### [PROBLEM DESCRIPTION]
Because only the text is wanted, repeat the records below exactly and omit the pictures.

Image-caption web data
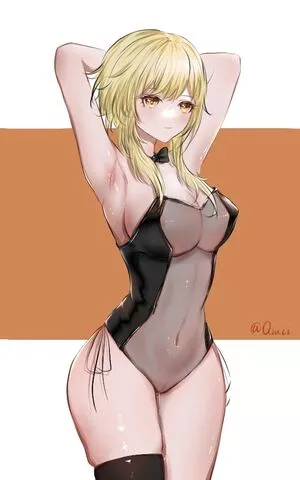 Genshin Impact OnlyFans Leaked Free Thumbnail Picture - #1tBbzMXlU4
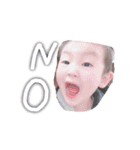 tfam...（個別スタンプ：10）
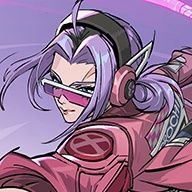 _Squishly_'s profile picture. 🎮 | Marvel Rivals / Clash Royale
🇵🇱 | Barca fan ❤️💙
🐝 | #VITWIN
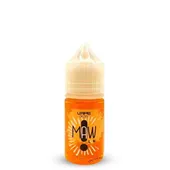 Comparer Concentré Maw Lon 30ml - Revolute - DIY avec un prix minimum de 15.90€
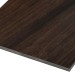 Фиброцементные панели FCSPRO Decor Wood Ёлка купить в Липецке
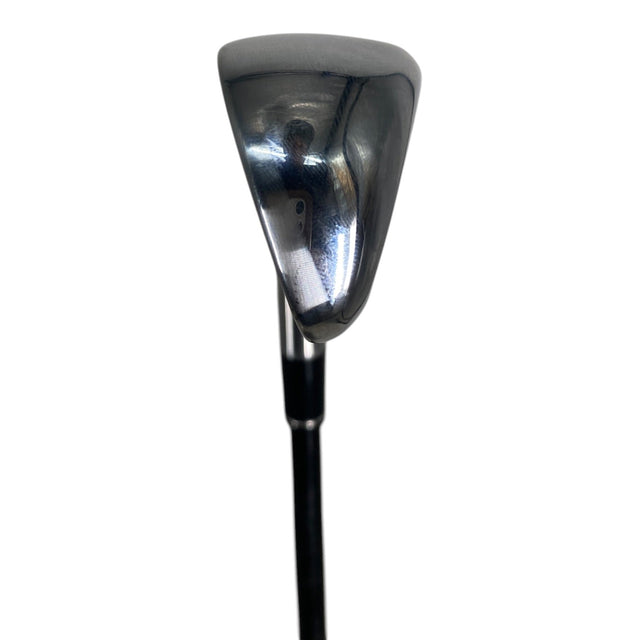 Titleist U505 Forged 3 Driving Iron - One Golf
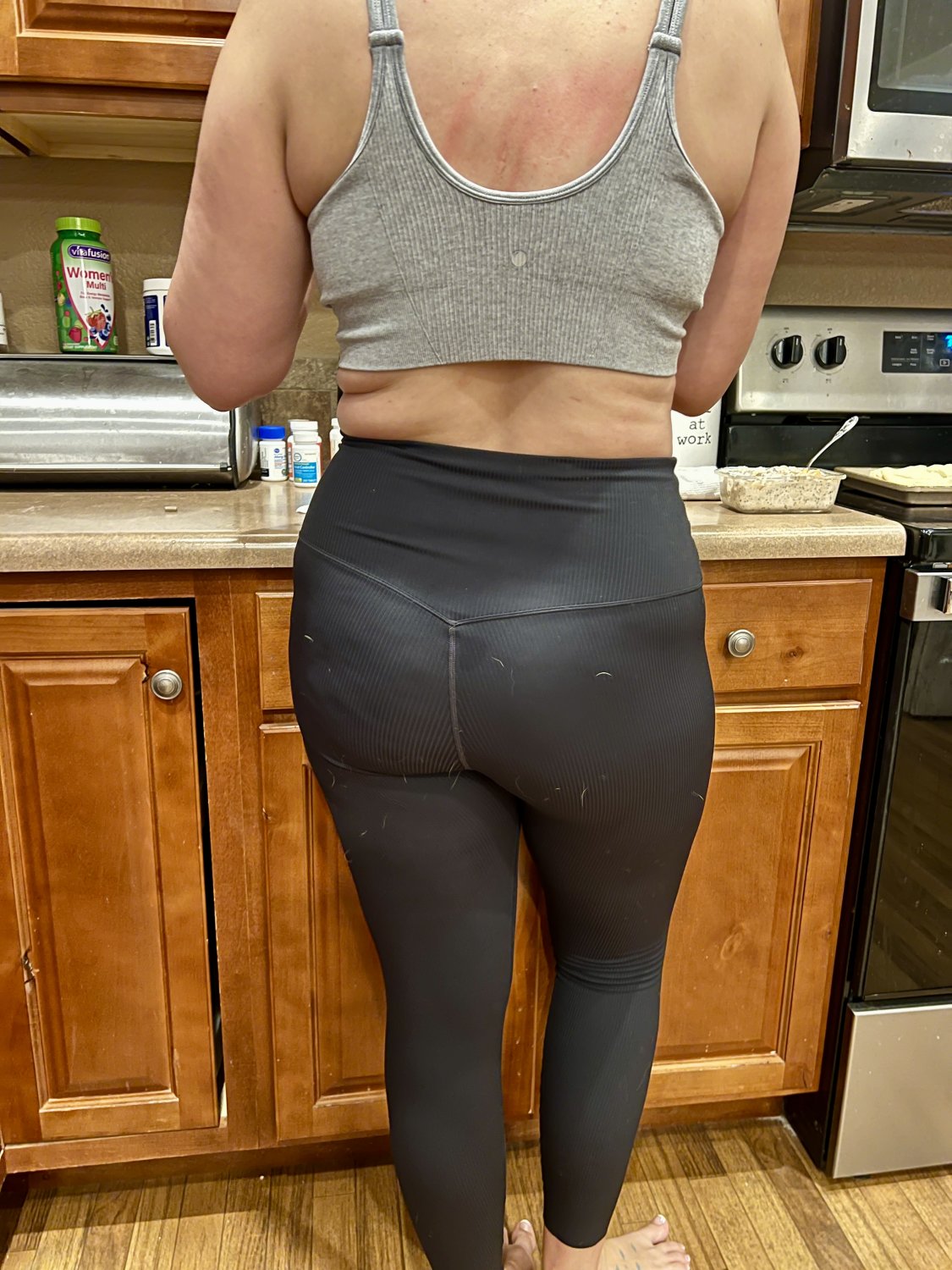 Monday morning slut #YwZBQ0By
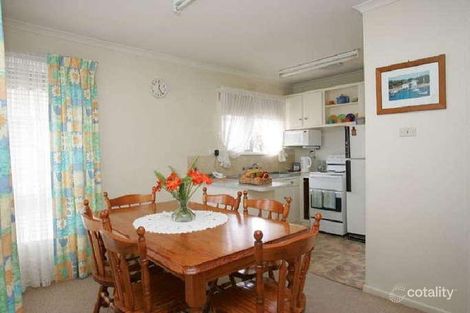 Property photo of 28 Wonganella Drive Keilor East VIC 3033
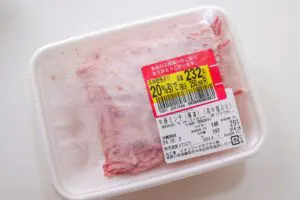 sirabee20241018asaichi1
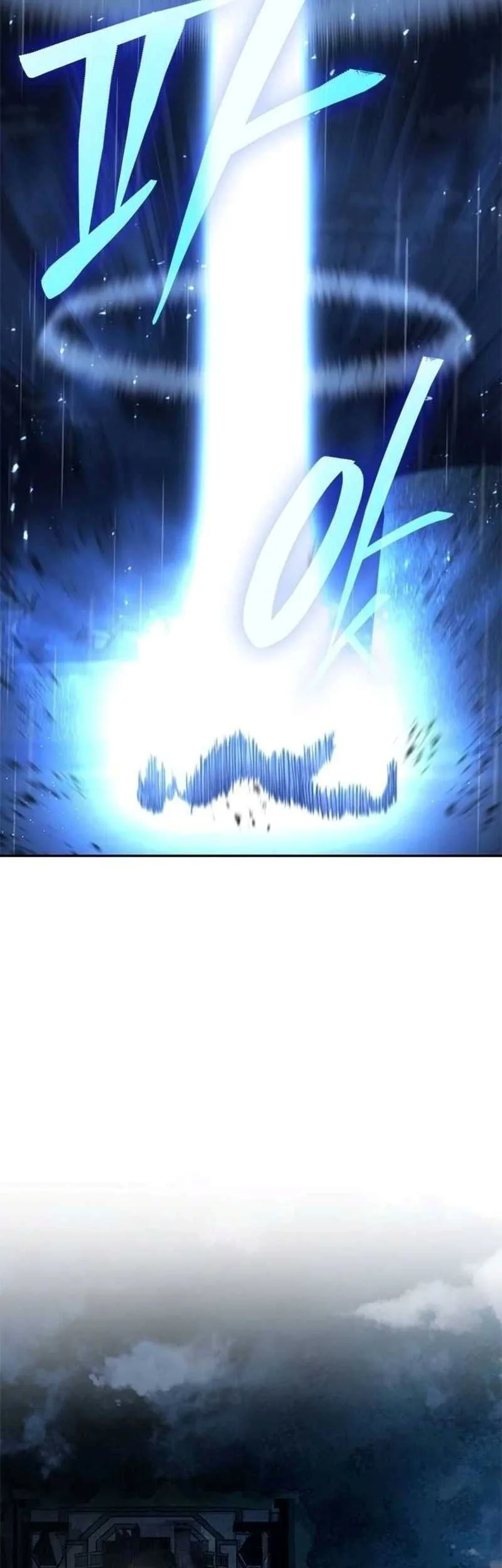 Chapter 18 - halaman 65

### [TASK OUTPUT]
 Genshin Impact OnlyFans Leaked Free Thumbnail Picture - #1tBbzMXlU4
 tfam...（個別スタンプ：10）
 _Squishly_'s profile picture. 🎮 | Marvel Rivals / Clash Royale
🇵🇱 | Barca fan ❤️💙
🐝 | #VITWIN
 Comparer Concentré Maw Lon 30ml - Revolute - DIY avec un prix minimum de 15.90€
 Фиброцементные панели FCSPRO Decor Wood Ёлка купить в Липецке
 Titleist U505 Forged 3 Driving Iron - One Golf
 Monday morning slut #YwZBQ0By
 Property photo of 28 Wonganella Drive Keilor East VIC 3033
 sirabee20241018asaichi1
 Chapter 18 - halaman 65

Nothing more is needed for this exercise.